**ABOUT THIS EXERCISE**: Your answer must be an exact copy of the data, without any pictures.

**SUPPLIED MATERIAL**:
____

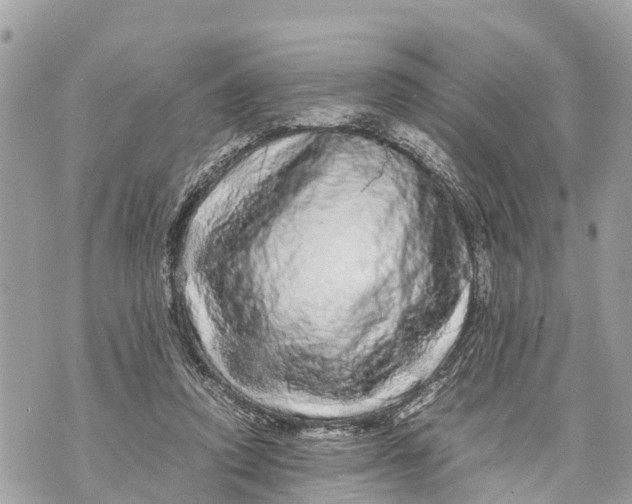 X0000070230354200606161738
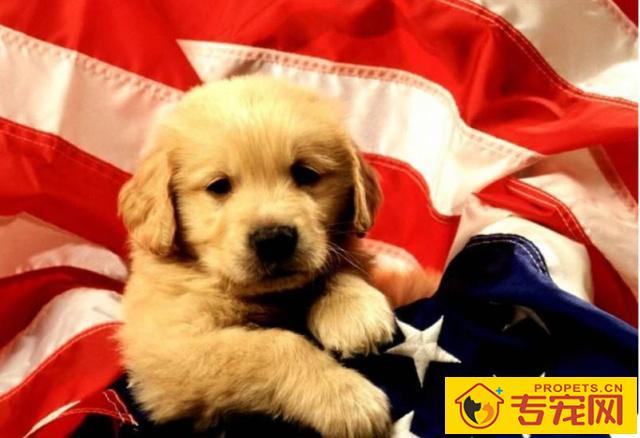 你合适养狗吗?你假如没法做到这五件事情得话,你也就不必养狗 你合适养狗吗?你假如没法做到这五件事情得话,你也就不必养狗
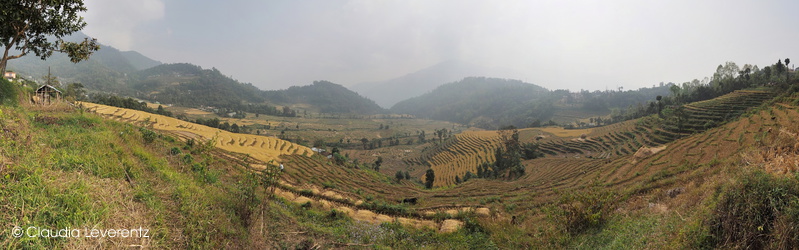 Panoramablick über Reisfelder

____

**SOLVED PROBLEM**:
 X0000070230354200606161738
 你合适养狗吗?你假如没法做到这五件事情得话,你也就不必养狗 你合适养狗吗?你假如没法做到这五件事情得话,你也就不必养狗
 Panoramablick über Reisfelder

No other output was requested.